• **WHAT YOU NEED TO DO**
As the output, give exactly the lines that run from the one with "[BUNJANG] Capital Blue" through the end of the records below, and omit pictures.

====

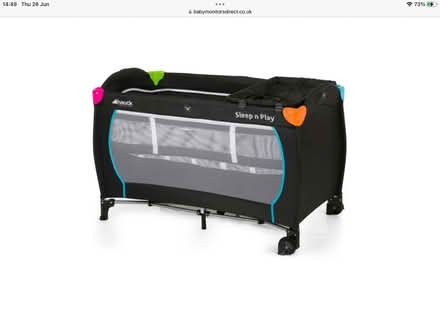 Photo of free Travel cot (Nazeing CM19) #2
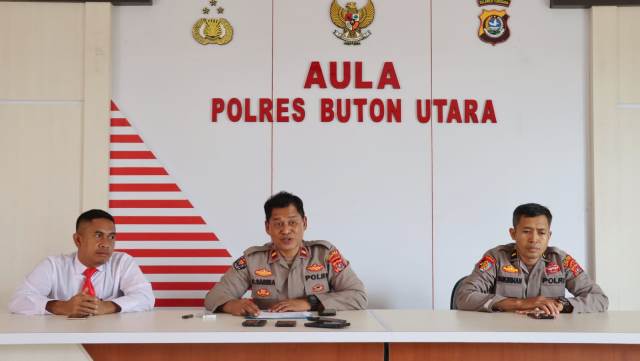 Kasus Polisi Butur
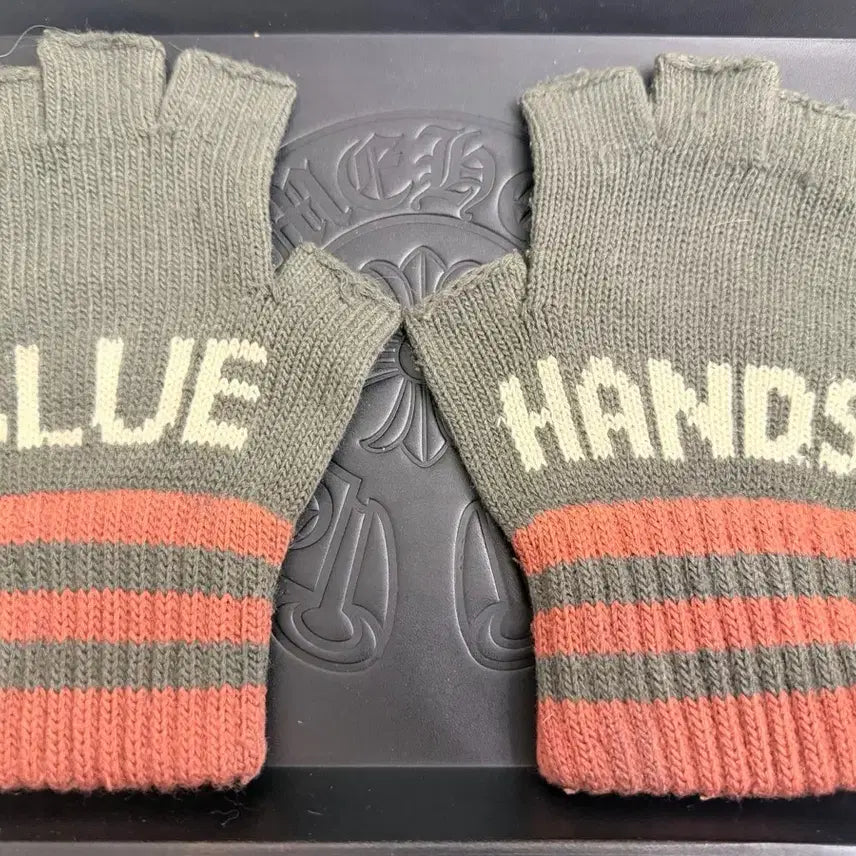 [BUNJANG] Capital Blue Hands Half Gloves / 캐피탈 블루핸즈 반장갑 판매합니다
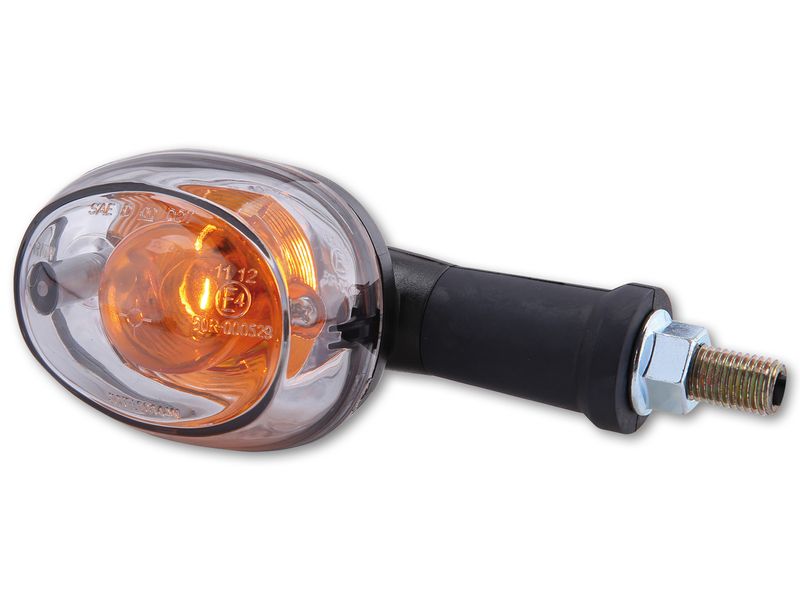 Clignotants HIGHSIDER smart OVAL - orange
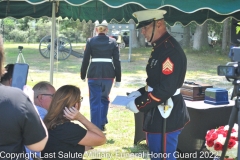 Last Salute Military Funeral Honor Guard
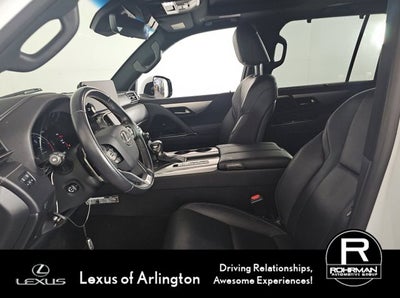 2024 Lexus LX LX 600 F SPORT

====

• **EXERCISE RESULT**
 [BUNJANG] Capital Blue Hands Half Gloves / 캐피탈 블루핸즈 반장갑 판매합니다
 Clignotants HIGHSIDER smart OVAL - orange
 Last Salute Military Funeral Honor Guard
 2024 Lexus LX LX 600 F SPORT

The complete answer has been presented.